**TASK DESCRIPTION**: Transcribe nothing except the lines below that run from the one with "everlast-t-shirt-a-manches-courtes-tape" to the one with "Smartphone Samsung Galaxy", ends included, and do not copy any picture.

**MATERIAL FOR THIS TASK**:
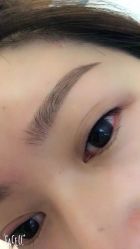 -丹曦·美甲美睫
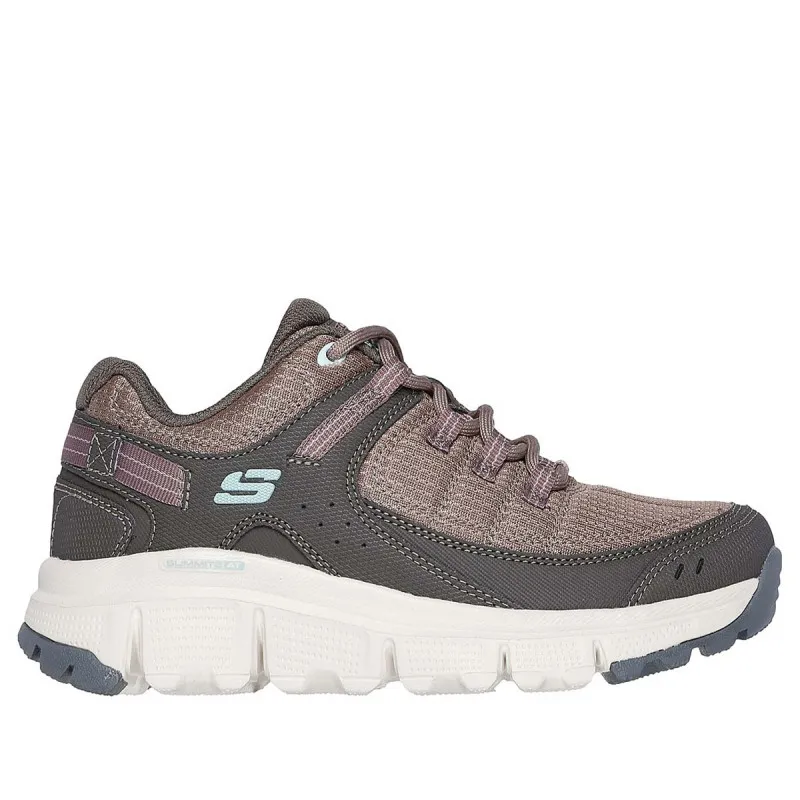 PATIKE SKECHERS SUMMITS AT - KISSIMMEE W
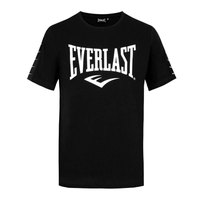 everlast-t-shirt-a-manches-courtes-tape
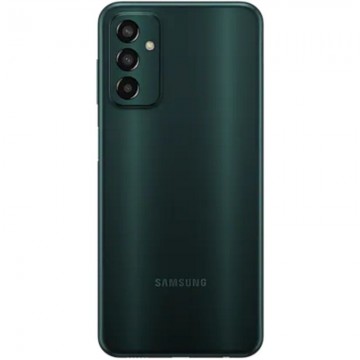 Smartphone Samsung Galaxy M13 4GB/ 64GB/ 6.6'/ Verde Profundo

--

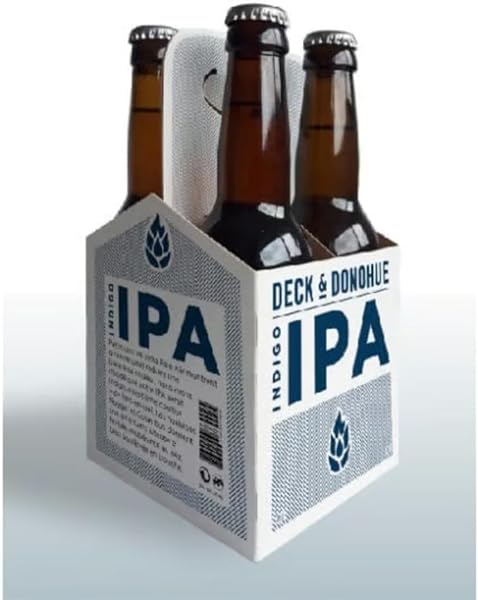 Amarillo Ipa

**REPLY TO THE TASK**:
 everlast-t-shirt-a-manches-courtes-tape
 Smartphone Samsung Galaxy M13 4GB/ 64GB/ 6.6'/ Verde Profundo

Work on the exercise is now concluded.